(Dataset items)
··········

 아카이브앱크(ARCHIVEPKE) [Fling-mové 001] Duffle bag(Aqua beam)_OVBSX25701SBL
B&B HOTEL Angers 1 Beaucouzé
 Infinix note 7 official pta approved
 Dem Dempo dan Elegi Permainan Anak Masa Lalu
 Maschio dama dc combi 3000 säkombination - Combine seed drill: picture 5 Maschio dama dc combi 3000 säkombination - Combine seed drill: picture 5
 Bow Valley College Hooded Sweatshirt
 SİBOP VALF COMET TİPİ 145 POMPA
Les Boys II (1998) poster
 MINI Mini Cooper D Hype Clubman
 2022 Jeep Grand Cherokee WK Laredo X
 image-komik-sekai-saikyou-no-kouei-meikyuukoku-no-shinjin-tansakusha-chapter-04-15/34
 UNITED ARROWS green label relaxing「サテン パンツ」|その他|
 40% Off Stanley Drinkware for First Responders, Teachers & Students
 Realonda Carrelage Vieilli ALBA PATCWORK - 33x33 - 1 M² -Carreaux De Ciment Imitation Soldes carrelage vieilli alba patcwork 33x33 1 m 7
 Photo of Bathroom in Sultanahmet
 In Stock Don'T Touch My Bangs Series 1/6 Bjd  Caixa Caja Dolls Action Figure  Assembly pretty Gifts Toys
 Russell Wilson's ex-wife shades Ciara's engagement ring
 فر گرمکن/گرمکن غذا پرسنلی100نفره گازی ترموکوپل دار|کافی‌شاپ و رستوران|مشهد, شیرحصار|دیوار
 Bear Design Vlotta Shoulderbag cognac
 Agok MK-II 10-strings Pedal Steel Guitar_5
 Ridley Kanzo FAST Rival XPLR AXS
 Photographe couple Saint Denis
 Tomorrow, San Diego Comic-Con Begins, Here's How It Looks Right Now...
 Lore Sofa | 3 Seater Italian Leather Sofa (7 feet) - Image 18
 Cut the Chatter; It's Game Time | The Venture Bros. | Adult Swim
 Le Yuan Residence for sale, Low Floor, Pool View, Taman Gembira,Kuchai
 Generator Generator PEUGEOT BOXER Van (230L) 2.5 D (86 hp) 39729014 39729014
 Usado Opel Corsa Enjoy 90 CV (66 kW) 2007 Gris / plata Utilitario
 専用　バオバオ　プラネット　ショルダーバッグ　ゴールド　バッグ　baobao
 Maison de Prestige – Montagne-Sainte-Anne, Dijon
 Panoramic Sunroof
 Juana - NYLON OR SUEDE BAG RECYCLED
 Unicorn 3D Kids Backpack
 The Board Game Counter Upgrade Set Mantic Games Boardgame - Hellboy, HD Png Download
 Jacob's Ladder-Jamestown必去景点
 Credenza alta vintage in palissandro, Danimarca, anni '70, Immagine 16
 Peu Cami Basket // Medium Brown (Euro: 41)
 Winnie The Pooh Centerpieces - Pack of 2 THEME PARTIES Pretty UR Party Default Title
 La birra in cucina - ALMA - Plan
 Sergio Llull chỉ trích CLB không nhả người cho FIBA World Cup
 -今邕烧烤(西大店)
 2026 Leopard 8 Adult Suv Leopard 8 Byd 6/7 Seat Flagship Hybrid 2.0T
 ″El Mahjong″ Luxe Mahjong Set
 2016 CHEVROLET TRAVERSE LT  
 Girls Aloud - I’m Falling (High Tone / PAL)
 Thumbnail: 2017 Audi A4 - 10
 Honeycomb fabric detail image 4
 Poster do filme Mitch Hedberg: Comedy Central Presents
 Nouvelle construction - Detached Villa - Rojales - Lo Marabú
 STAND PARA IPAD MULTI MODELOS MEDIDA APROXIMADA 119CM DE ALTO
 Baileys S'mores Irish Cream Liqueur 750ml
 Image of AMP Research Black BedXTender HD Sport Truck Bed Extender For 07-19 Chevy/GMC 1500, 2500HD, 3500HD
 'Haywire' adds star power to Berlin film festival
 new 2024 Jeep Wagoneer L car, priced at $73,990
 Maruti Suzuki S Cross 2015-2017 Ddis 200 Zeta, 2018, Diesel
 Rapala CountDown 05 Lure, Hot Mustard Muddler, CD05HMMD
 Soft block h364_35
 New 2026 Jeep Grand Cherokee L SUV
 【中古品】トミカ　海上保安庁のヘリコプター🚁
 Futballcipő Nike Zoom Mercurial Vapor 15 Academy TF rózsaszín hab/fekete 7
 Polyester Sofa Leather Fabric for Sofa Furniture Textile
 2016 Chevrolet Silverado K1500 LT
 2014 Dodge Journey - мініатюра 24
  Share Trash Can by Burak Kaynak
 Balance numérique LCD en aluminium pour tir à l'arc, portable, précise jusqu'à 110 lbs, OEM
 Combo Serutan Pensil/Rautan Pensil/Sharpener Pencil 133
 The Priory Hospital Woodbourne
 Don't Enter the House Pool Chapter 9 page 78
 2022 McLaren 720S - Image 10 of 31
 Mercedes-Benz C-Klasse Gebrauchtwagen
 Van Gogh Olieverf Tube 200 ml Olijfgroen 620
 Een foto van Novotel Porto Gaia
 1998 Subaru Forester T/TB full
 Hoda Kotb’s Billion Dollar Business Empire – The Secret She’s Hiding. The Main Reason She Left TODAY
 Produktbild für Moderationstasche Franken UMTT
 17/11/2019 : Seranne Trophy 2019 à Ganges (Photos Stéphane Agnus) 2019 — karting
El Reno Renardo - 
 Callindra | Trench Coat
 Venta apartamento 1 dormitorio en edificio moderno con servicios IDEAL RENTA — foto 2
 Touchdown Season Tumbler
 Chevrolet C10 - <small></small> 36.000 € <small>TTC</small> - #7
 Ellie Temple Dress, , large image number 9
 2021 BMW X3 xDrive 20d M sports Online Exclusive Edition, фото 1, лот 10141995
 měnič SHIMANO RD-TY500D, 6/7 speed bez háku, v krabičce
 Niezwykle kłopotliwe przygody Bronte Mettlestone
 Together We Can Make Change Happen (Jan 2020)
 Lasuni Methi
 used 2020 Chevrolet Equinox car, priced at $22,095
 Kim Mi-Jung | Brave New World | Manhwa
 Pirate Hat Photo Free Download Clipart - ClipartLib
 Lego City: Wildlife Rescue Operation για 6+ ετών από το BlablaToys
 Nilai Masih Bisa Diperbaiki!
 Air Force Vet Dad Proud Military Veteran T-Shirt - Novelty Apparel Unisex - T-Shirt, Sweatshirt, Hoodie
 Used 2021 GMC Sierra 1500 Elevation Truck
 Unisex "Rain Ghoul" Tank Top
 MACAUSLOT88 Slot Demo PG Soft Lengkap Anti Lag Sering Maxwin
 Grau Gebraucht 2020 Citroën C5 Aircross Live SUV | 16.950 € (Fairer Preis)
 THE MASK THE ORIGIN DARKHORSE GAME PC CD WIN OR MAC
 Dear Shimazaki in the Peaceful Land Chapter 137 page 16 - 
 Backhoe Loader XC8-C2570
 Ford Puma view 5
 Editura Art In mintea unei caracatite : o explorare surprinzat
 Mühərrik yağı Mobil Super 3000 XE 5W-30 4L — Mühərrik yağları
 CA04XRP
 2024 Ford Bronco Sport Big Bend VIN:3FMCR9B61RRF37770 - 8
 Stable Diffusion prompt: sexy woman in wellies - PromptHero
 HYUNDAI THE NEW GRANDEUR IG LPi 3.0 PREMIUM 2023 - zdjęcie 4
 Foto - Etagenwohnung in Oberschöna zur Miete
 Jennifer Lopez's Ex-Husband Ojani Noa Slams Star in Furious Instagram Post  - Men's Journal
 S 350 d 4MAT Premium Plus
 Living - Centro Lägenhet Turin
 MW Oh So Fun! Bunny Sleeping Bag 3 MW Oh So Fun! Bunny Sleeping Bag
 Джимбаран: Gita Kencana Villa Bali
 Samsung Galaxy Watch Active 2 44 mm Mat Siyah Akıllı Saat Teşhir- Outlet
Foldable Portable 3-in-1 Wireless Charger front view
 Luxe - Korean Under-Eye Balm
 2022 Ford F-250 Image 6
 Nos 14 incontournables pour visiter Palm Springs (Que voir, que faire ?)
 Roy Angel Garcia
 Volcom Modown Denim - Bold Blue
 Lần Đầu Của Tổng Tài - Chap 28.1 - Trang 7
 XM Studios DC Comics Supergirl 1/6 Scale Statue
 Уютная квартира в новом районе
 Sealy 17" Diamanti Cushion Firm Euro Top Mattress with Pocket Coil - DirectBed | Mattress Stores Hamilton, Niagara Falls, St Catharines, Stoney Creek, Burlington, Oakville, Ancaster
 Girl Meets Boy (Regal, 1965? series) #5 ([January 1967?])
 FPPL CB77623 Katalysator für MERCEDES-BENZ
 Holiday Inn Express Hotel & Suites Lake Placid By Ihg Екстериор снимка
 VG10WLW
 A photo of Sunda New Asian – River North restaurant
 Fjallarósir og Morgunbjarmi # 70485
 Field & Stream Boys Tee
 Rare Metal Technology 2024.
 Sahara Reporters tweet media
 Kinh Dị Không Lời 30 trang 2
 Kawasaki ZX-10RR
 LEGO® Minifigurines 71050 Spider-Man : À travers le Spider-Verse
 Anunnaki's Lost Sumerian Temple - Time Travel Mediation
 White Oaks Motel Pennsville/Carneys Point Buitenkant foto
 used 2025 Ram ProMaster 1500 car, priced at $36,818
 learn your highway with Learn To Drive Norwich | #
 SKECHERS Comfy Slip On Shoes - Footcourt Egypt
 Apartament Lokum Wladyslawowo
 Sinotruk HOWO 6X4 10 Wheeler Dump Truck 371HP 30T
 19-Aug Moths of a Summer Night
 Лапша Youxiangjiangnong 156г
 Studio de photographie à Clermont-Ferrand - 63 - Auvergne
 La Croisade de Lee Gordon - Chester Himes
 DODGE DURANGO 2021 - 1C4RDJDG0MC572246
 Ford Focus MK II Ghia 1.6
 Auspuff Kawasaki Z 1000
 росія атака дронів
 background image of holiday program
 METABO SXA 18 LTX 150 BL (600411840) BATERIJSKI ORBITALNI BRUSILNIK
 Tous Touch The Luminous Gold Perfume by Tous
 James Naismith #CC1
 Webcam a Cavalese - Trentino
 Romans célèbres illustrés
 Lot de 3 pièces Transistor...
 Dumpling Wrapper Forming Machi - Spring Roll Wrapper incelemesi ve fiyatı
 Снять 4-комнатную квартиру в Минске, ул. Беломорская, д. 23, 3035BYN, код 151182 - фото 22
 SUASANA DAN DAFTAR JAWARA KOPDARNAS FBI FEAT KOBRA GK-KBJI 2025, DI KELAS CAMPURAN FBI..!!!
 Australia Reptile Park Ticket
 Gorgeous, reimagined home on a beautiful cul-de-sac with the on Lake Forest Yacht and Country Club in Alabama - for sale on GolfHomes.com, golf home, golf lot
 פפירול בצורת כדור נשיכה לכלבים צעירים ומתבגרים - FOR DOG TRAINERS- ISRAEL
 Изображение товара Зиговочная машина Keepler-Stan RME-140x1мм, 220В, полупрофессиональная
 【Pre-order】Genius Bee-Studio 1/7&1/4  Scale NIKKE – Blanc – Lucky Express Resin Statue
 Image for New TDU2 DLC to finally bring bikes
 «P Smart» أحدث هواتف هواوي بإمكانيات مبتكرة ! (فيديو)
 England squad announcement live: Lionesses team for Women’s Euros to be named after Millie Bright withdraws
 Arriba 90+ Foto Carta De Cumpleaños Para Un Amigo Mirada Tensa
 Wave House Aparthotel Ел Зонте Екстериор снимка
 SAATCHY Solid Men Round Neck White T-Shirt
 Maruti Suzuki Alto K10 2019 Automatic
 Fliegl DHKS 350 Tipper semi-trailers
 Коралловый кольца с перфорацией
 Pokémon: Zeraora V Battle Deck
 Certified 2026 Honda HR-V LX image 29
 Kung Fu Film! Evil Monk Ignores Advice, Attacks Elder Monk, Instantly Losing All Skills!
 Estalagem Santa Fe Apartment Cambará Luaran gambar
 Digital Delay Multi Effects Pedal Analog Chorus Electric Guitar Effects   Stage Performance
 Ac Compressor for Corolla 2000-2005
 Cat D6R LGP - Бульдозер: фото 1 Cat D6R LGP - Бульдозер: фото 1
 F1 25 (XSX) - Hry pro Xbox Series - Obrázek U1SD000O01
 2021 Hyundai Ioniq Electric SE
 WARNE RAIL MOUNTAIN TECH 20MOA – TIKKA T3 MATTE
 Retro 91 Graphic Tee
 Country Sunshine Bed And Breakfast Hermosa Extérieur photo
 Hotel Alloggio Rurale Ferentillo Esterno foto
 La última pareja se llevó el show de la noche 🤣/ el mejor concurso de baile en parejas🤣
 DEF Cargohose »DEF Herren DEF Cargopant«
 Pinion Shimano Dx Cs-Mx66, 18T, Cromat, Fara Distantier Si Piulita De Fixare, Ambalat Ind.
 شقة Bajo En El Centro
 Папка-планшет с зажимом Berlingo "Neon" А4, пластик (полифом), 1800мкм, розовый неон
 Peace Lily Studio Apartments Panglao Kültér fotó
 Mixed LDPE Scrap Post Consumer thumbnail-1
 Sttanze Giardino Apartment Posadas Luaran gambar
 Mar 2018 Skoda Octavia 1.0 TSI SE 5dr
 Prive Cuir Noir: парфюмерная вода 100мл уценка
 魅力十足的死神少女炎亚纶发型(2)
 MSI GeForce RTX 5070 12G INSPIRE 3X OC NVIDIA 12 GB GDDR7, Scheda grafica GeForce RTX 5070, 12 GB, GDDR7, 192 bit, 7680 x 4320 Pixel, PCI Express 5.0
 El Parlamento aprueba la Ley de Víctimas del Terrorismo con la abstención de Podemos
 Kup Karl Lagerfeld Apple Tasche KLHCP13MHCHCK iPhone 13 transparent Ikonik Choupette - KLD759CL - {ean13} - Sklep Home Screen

··········

### DIRECTIONS
The answer is the run of lines above from the line containing "Sergio Llull chỉ" through the line containing "Baileys S'mores Irish Cream Liqueur 750ml", copied exactly and alone.

### TASK RESPONSE
 Sergio Llull chỉ trích CLB không nhả người cho FIBA World Cup
 -今邕烧烤(西大店)
 2026 Leopard 8 Adult Suv Leopard 8 Byd 6/7 Seat Flagship Hybrid 2.0T
 ″El Mahjong″ Luxe Mahjong Set
 2016 CHEVROLET TRAVERSE LT  
 Girls Aloud - I’m Falling (High Tone / PAL)
 Thumbnail: 2017 Audi A4 - 10
 Honeycomb fabric detail image 4
 Poster do filme Mitch Hedberg: Comedy Central Presents
 Nouvelle construction - Detached Villa - Rojales - Lo Marabú
 STAND PARA IPAD MULTI MODELOS MEDIDA APROXIMADA 119CM DE ALTO
 Baileys S'mores Irish Cream Liqueur 750ml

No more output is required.